Occorre un cambiamento delle associazioni cattoliche, disgregate e senza aggiornamento, che le trasformi da istituzioni di una società cristiana in movimenti profetici di minoranza, volti alla realizzazione di un nuovo cristianesimo, adeguato ai tempi secolarizzati, ma non inginocchiato di fronte al mondo.
Un altro fatto negativo è la crisi della identità cristiana, che ha condotto, per un malinteso complesso di inferiorità, non poche associazioni ecclesiali a non avere più, di cattolico, se non il nome; a rifiutare il magistero della comunità ecclesiale; a porsi al servizio delle forze anticristiane; a gettare nel bidone una ricca tradizione di teologia e di filosofia, di costume e di liturgia, non già per "aggiornarla", ma per trasformarla in una retrograda parassitaria di quella tradizione non cristiana che lo stesso pensiero laicista da tempo considera, almeno in parte, superata e non più utilizzabile.
Il pericolo costante del cattolicesimo è il ritardo culturale, al quale si può rimediare solo con la riconquista di quella identità cristiana, che costituisce l'unum necessarium per la fondazione di un progetto educativo nuovo e alternativo. La riconquista dell'identità non cela alcun progetto di esclusione o di settarismo; intende solo non mimetizzare il cristiano, non camuffarlo, perché possa parlare il linguaggio chiaro del Vangelo, in una totale disponibilità per l'altro, ma alla luce della Verità rivelata e custodita da quella tradizione che è Chiesa.
Il cristiano non si deve lasciare intimorire dalla trappola ricattatrice del pensiero laicista, che accusa di integralismo chiunque voglia essere cristiano senza aggettivi. A questa accusa il cristiano può con serenità rispondere: se integralismo significa fanatismo e clericalismo, certo non lo sono, anche se so dove andarlo a cercare; ma se integralismo significa coerenza e decisione, rifiuto di compromessi, allora il mio integralismo coincide con il mio cristianesimo. Tradizione è innovazione.
Ma la riconquista dell'identità non può restare un fatto privato e nascosto. Deve tradursi in una genuina comunione ecclesiale, dato che non v'è cristianesimo senza Chiesa. Il cristiano non si isola e non si emargina, ma si riconosce nel popolo di Dio, vede in ogni uomo il volto di Cristo, si accosta con disponibilità e servizio ai pastori, fratelli nella fede, e al papa, vicario di Cristo sulla terra. A chi lo accusa, allora, con un nuovo anche se logoro e scontato ricatto, di essere un conservatore, il cristiano risponde che ben poco v'è da conservare, oggi, in ciò che la società e la scuola sono diventate. Il progetto cristiano non è conservatore, ma innovatore sulla base della tradizione (= portare avanti) popolare.
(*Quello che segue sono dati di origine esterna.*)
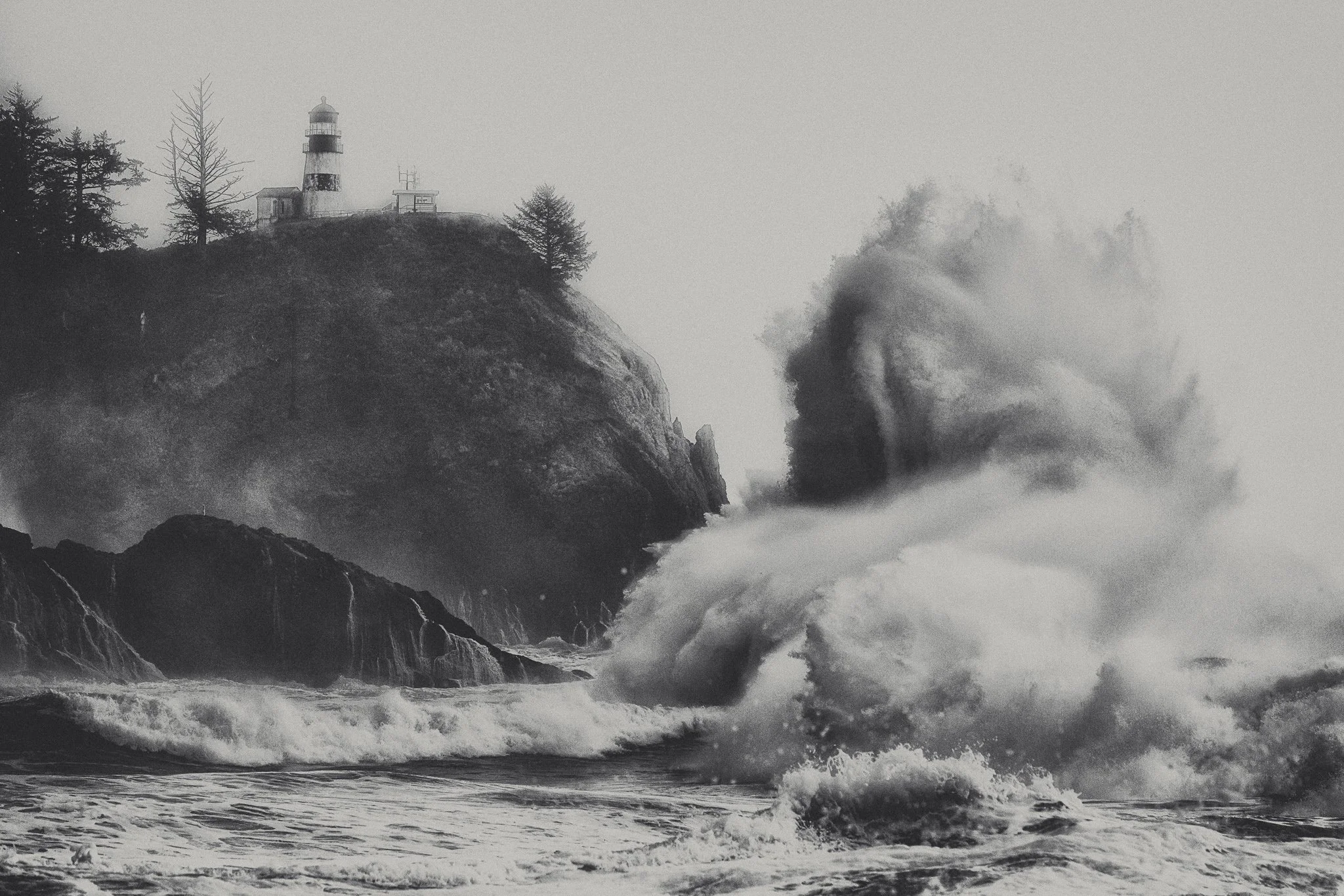 Standing in Awe | Cape Disappointment, Washington | 2024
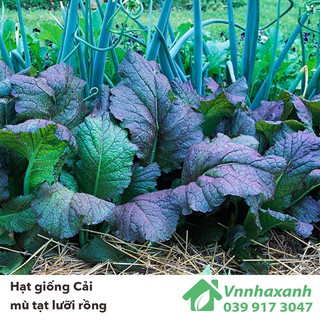 Hạt Giống Cải Mù Tạt - Lưỡi Rồng (Brassica juncea)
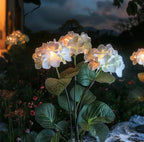 Solar Tuinaccent met Hydrangea‑Lichtbloemen voor Avondgloed en Sfeervolle Buitenruimtes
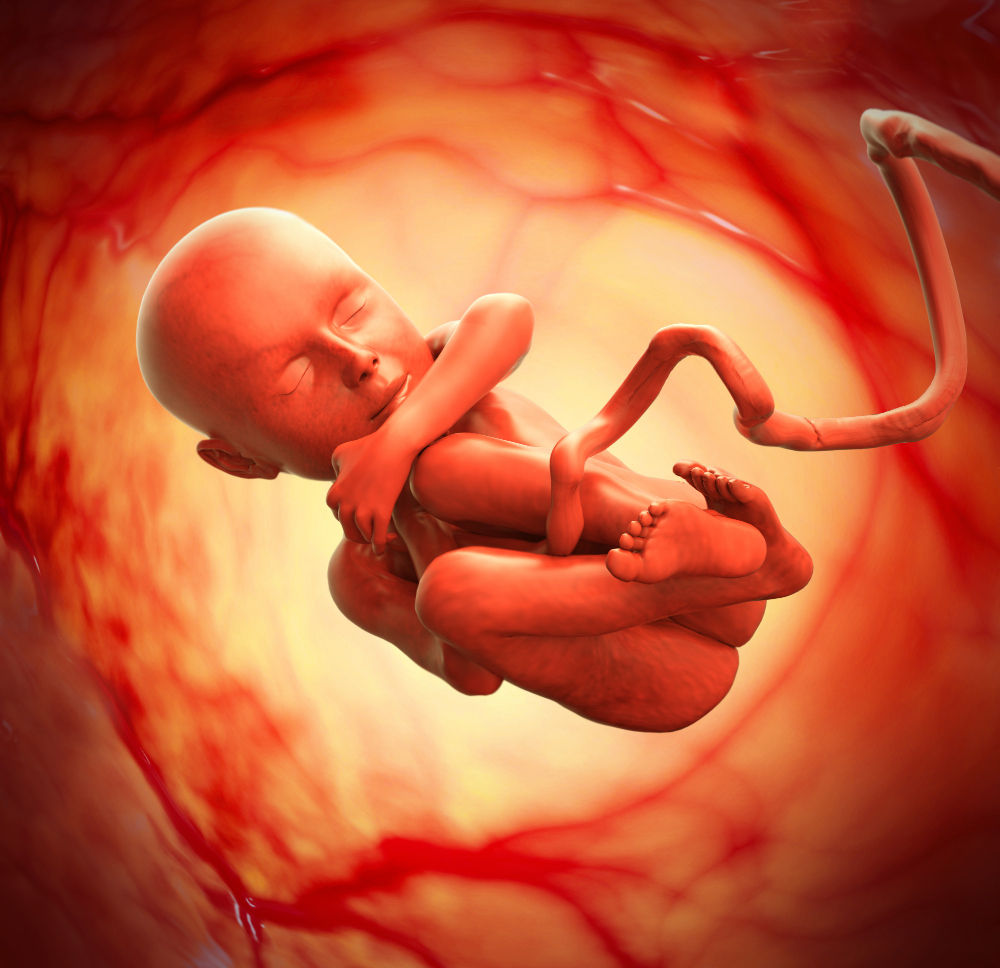 bebek kemik embriyo (11)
Identità e comunione, infine, per svolgere un progetto di liberazione. Il cristiano non vuole una scuola accademica, né burocratica, né ideologica, ma una scuola che educhi integralmente la persona: una scuola di tutto l'uomo e di tutti gli uomini, capace di liberare dai limiti dell'egoismo, dalle necessità materiali, dall'ignoranza intellettuale, dal disordine morale — da tutto quanto ostacola la crescita della persona, il cui fine ultimo non è naturale o storico o mondano. Una scuola che liberi nell'uomo una dimensione più alta e profonda, alla luce di quella speranza cristiana, che non può essere confusa con nessuna attesa mondana.